20

I want to make a pdf book on Linux manual pages for C functions using LaTeX.

For example man malloc looks as bellow -

man ls output I want this type of style in my pdf book. Specific color is not mandatory, but the color must be matched with terminal color.

alhelal
  • 2,451
  • 9
    why use latex rather than groff since the man pages are all marked up for the (g)roff typesetting system? (Although convertors exist eg google for man2latex) – David Carlisle Sep 10 '17 at 14:06
  • 2
    Oh and also: the final “style” depends on your pager and terminal; it's not entirely under the control of man. For example, try PAGER=cat man malloc, PAGER=more man malloc, and PAGER=most man malloc (if you have most installed). You can also vary the LESS_TERMCAP_md (etc.) termcap settings, to change your terminals interpretation of what to do when it's asked to display something “bold” (whether to show it in a particular colour, etc). – ShreevatsaR Sep 10 '17 at 15:30
  • 6
    I just want to say that you have to be very careful with the licenses of the man pages because your book will have to respect every license of used man page and sometimes (if you will not have only one license) the licenses are not compatible. – koleygr Sep 10 '17 at 18:35
  • A lot of GNU utilities have info pages, which are done through texinfo with more detailed documentation. – Batman Sep 10 '17 at 23:24
  • @ShreevatsaR: It's also quite convenient (or at least I've found it so) to use none of those pagers, but instead write a macro that formats the page and dumps it into your editor-of-choice. – jamesqf Sep 11 '17 at 04:46
  • Just out of curiosity: what terminal are you using? Can you mention your exact terminal (and settings within that program) that led to that display / those colours? At a similar column width, I actually get different line breaks in my terminal for the last paragraph (in your screenshot), so I'm curious… – ShreevatsaR Sep 11 '17 at 15:54
  • @ShreevatsaR terminal type xterm, default terminal size 150columns, 100rows, text color=B58900 background color=FDF6F3, bold color = same as text color – alhelal Sep 12 '17 at 14:06

3 Answers3

46

If you did not know, man pages are already written in a typesetting system that is even older than TeX. This is the *roff family: at different points in history, related programs have gone by names like RUNOFF, runoff, roff, nroff, troff, ditroff, groff, etc. If you're using a Unix-like system (a good guess as you're asking about man pages), you probably have groff installed on your system already, and possibly under names like troff and nroff.

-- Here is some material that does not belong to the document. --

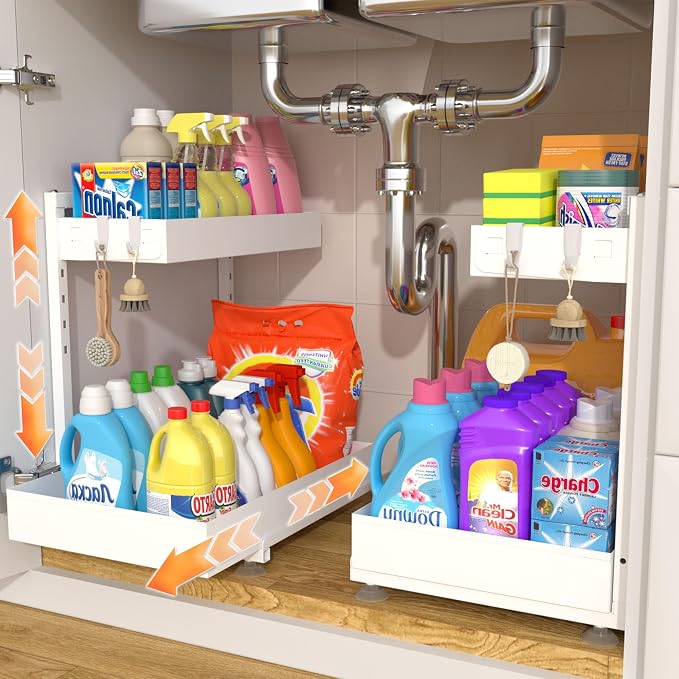 TATAANTY Under Sink Organizer, L-Shaped Metal 2-Tier Double Pull-Out Drawer for Kitchen & Bathroom Cabinets, Adjustable Height Storage - 50lbs Heavy Duty Waterproof 2PCS Height Adjustable by TATAANTY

In fact, man pages are written in a macro package for the *roff typesetter. If you type man -d malloc, you get some debugging information: on my computer the last line shows what command it would have run, to (typeset and) display the malloc man page:

cd '/usr/share/man' && (echo ".ll 18.3i"; echo ".nr LL 18.3i"; /bin/cat '/usr/share/man/man3/malloc.3') | /usr/bin/tbl | /usr/bin/groff -Wall -mtty-char -Tascii -mandoc -c | (/usr/bin/less -is || true)

This shows that the file /usr/share/man/man3/malloc.3 is passed through first the tbl preprocessor (which deals with tables), and then is formatted by groff for display on screen. The “input” /usr/share/man/man3/malloc.3 file itself has instructions like this:

The
.Fn malloc
function allocates
.Fa size
bytes of memory and returns a pointer to the allocated memory.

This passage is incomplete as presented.